# lunker lures



## sporty (Nov 9, 2007)

:?: :?: Has anyone tried the lunker lure spinner .
I have seen them being used on a fishing show . The spinners look and act differently then others . The one I saw was yellow.
I have checked Bass pro and Cabelas they don't carry them .
Any info regarding as to use or a supplier would be appreciated.
( an 800 number would be appreciated )
thanks


----------



## Jim (Nov 9, 2007)

Here you go my friend.

The 1-800 number is on the upper right corner!

https://www.lunkerlure.com/new/index.html


----------



## sporty (Nov 9, 2007)

Thank you , I appreciate it . Now for some reviews :?: :?:


----------



## sporty (Nov 15, 2007)

OK !!! I had to order a few , Always dreaming of the ultimate lure/method. Good thing I have a truck to carry all my tackle :lol: 

Let you know later ( next summer ) as to their appeal.


----------



## redbug (Nov 15, 2007)

Sporty, 
don't waste your money on them, just forward the box straight to me 
I will dispose of them in the proper way catching hawg bass !!

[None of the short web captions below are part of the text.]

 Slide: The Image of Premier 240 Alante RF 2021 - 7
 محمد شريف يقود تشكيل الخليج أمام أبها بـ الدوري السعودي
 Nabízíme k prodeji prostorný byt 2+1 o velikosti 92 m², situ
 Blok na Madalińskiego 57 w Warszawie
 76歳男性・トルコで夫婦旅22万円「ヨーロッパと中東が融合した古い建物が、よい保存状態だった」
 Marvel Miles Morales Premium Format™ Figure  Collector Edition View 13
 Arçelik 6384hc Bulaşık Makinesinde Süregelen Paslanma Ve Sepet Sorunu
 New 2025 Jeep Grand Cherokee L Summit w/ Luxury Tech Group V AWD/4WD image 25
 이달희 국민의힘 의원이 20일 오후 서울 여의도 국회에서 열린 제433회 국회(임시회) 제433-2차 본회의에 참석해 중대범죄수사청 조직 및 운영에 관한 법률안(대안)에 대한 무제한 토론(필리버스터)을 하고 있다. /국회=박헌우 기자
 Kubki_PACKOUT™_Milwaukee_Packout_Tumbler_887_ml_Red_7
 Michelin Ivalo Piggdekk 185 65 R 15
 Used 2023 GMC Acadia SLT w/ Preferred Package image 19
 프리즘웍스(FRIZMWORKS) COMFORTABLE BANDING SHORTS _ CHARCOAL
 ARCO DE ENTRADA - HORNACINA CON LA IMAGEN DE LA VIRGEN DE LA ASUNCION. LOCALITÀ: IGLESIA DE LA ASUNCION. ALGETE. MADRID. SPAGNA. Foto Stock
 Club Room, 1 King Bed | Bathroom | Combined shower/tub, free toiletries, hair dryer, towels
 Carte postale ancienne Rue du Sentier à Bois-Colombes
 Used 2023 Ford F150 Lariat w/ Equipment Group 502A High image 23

I own a cabin in so.ILL that is only about 10 miles from their factory and I have been using the lunker lure products for years.
The only jig I use is the lunkerlure ultimate rattlin jig. 
good luck with your new lures and remember if you don't want them I'm first!!

Wayne


----------



## sporty (Nov 15, 2007)

:lol: :lol: :lol: Thanks for the reply . I glad that you said to forward them to you rather than saying forward them the garbage bin.
They look very interesting and I wish to target pike. An eye or two would be nice !! They are ordered and payed for >>>
Have a good one 8)


----------